= Range Extender (REX) DNA element =

The Range Extender (REX) is a conserved cis-acting DNA element which was identified in 2025. REX confers extreme long-range regulatory functions to gene enhancers in mammalian genomes. The addition of the REX to short- and mid-range enhancers significantly enhance their range of interaction and by one order of magnitude. The REX sequence by itself has no inherent enhancer activity. The activity conferred to other promoters is reported to depend on highly conserved [C/T]AATTA sequences. With the description of a REX a sequence for long-range enhancer-promoter interactions has been found. It has been proposed to molecularly explain how such long-range interactions control developmental genes in mammalian. Mutations in such a REX motif has been shown to abolish the long-distance activity. The element's function or disruption has significant implications as several developmental anomalies are explainable.

== Background ==
Enhancers are regulatory DNA sequences that can alter the transcription of a target gene by interacting with the promoter. An example of such long-range cis-acting regulatory elements is the misregulation of Sonic hedgehog (Shh) within the LMBR1 gene. Further research demonstrated that a conserved non-coding sequence can act as an essential cis-regulatory element and that its deletion resulted in loss of Shh expression. Through this remodelling a high order topology can be established, thereby illustrating the mechanistic principles of REX within chromosome architecture. A more recent study revealed that REX contains a conserved binding domain to enable enhancer action over extreme genomic distances thereby increasing the enhancer-promoter interaction thereby differentiating between long-range and cell-type enhancer functions. Before REX was discovered, it was proposed that such specialized DNA sequence elements might be required for long-range interactions over megabase distances.

== Discovery ==
REX was discovered by in vivo enhancer-replacement in mice. In those experiments, REX motifs were mutated which abolished long-range interactions while short-range activities remained intact.
== Sequence features and binding preferences ==
REX contains highly conserved domain motifs, such as [C/T]AATTA. The TAAT core has been shown a key determinant of DNA binding specificity. This variation in the flanking bases suggests REX to function by recruiting homeodomain transcription factors.

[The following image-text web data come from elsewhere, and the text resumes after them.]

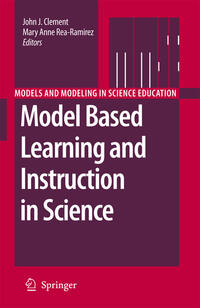 Vorderes Coverbild Model Based Learning and Instruction in Science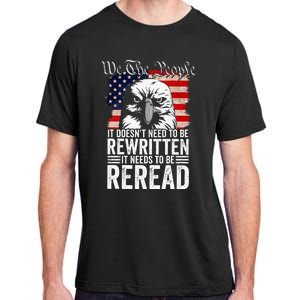 Needs To Be Reread Us Flag Constitution Of The Usa Adult ChromaSoft Performance T-Shirt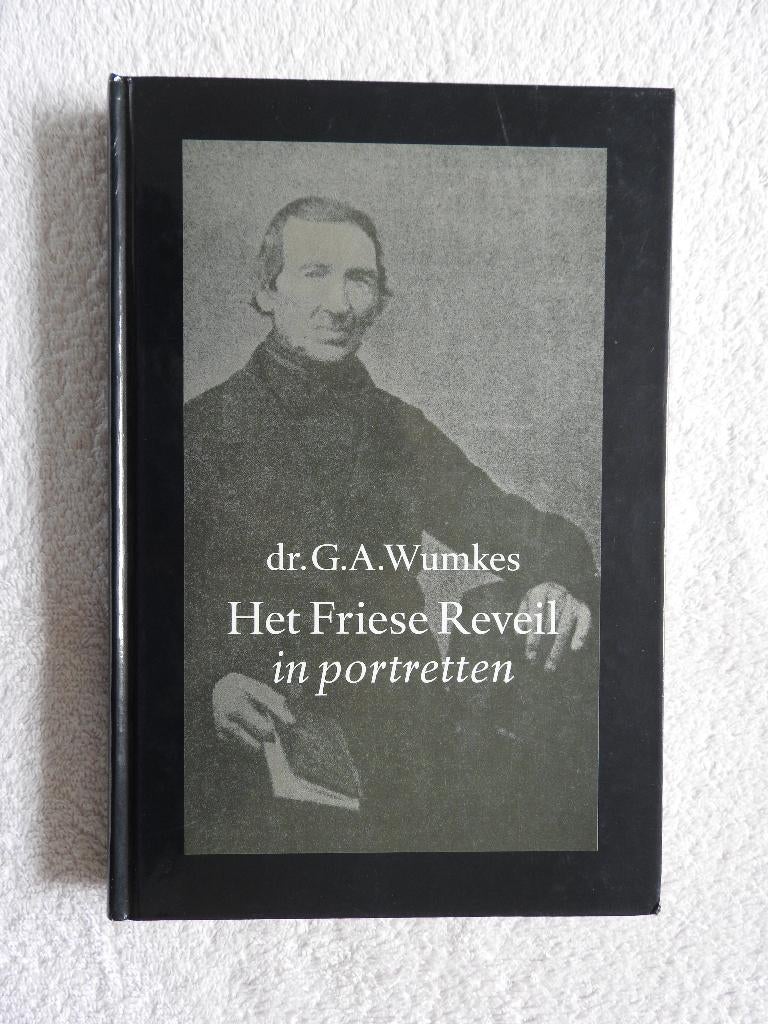 G.A. Wumkes - Het Friese reveil in portretten, Boeken, Ophalen of Verzenden, Zo goed als nieuw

== Mechanistic 3D genome organization ==

Three-dimensional organisation with chromatin loop extrusion provides the basis for topologically associated domains (TADs). TADs are an architectural feature of genome organization. TADs and loops are organized by the protein cohesin, while their positioning and stability is modulated by effectors such as CTCF and WAPL. Through spatial and temporal imaging it was shown that long-range transcriptional regulation might be dependent on transient physical interaction.